46. Teir Pryf Uuch Enys Prydein:
Brech, buwch ỽaelgỽn Gwyned,

a Thonnllwyt, buwch meibyon Eliffer Godgordỽawr,

a Chornillo, buỽch Llawuroded ỽarỽaỽc.
Three Principal Cows of the Island of Britain:
Speckled, cow of Maelgwn Gwynedd,

and Grey-Skin, cow of the sons of Eliffer of the Great Warband,

and Cornillo, cow of Llawfrodedd the Bearded.

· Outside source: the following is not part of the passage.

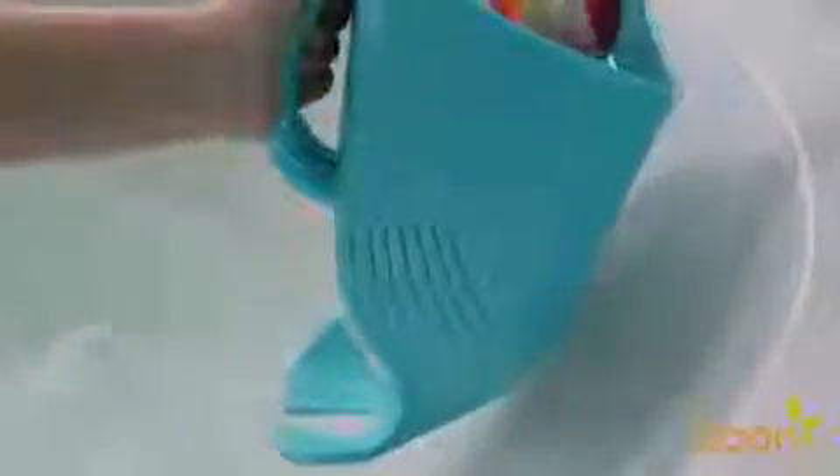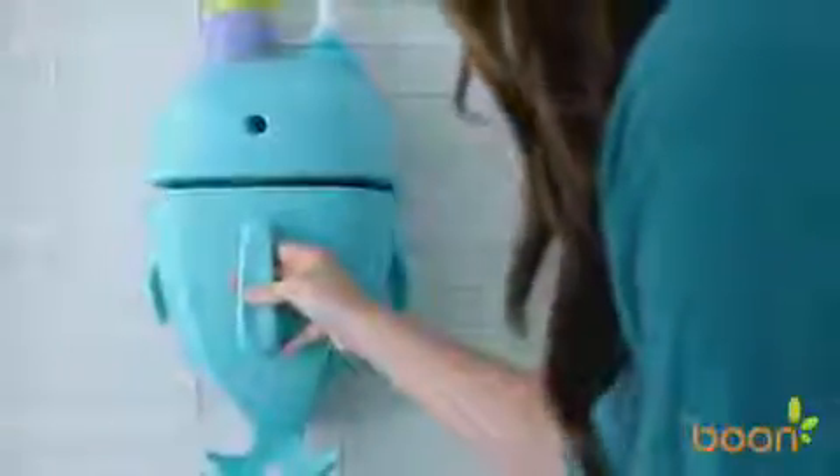Whale Pod's innovative design allows everything in the scoop to drain, which helps reduce mold and mildew build up on toys, making bath time more about play time.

==Earliest surviving collection==
The earliest surviving collection of the Welsh Triads is bound in the manuscript Peniarth 16, now at the National Library of Wales, which has been dated to the third quarter of the 13th century and contains 46 of the 96 triads collated by Rachel Bromwich. Other important manuscripts include Peniarth 45 (written about 1275), and the pair White Book of Rhydderch (Welsh: Llyfr Gwyn Rhydderch) and Red Book of Hergest (Welsh: Llyfr Coch Hergest), which share a common version clearly different from the version behind the collections in the Peniarth manuscripts.

==Later collections==
The 18th-century Welsh antiquarian Iolo Morganwg compiled a collection of triads, which he claimed to have taken from his own collection of manuscripts. Some of his triads are similar to those found in the medieval manuscripts, but some are unique to Morganwg, and are believed by many to have been of his own invention (although the fragmentary nature of the manuscripts make it difficult to verify if he truly did have unique parts).